[Start of section]

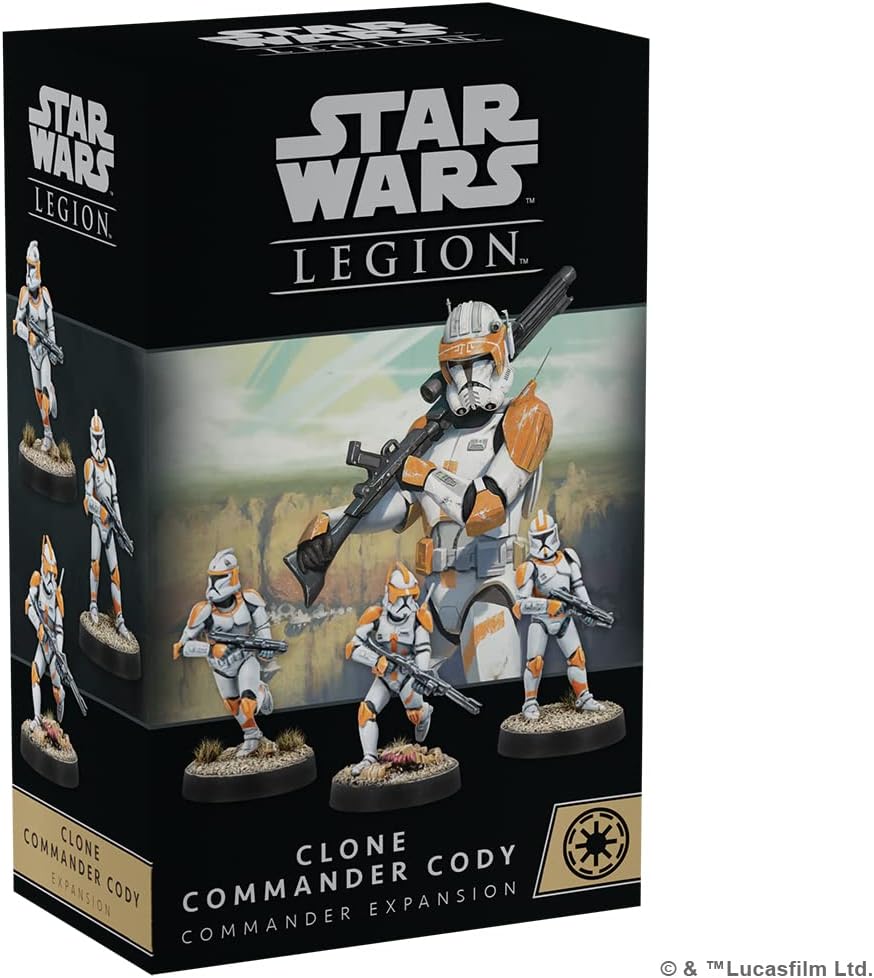 Atomic Mass Games - Star Wars Legion: Clone Commander Cody - immagine 1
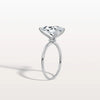 Liora Muse 3CT Lab-Grown Diamond Pear Engagement Ring in 10K Solid Gold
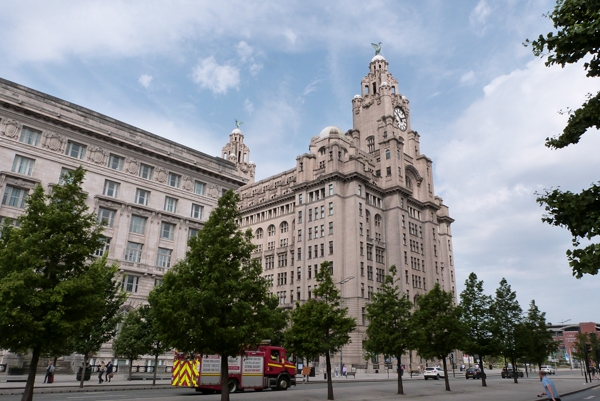 Royal Liver Building, Liverpool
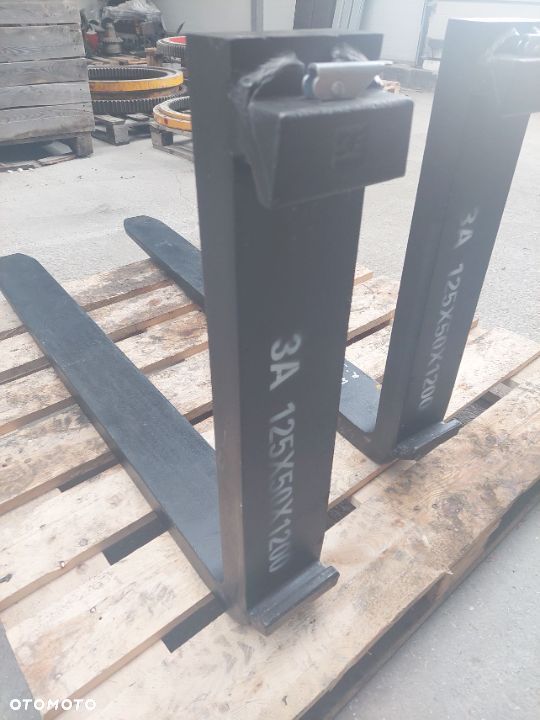 Widły 5t, 120cm, klasa 3A [OS 11051] - 6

[End of section]

▶ _WHAT IS NEEDED_: Could you repeat the data exactly, omitting its pictures?

▶ _TASK SOLUTION_:
 Atomic Mass Games - Star Wars Legion: Clone Commander Cody - immagine 1
 Liora Muse 3CT Lab-Grown Diamond Pear Engagement Ring in 10K Solid Gold
 Royal Liver Building, Liverpool
 Widły 5t, 120cm, klasa 3A [OS 11051] - 6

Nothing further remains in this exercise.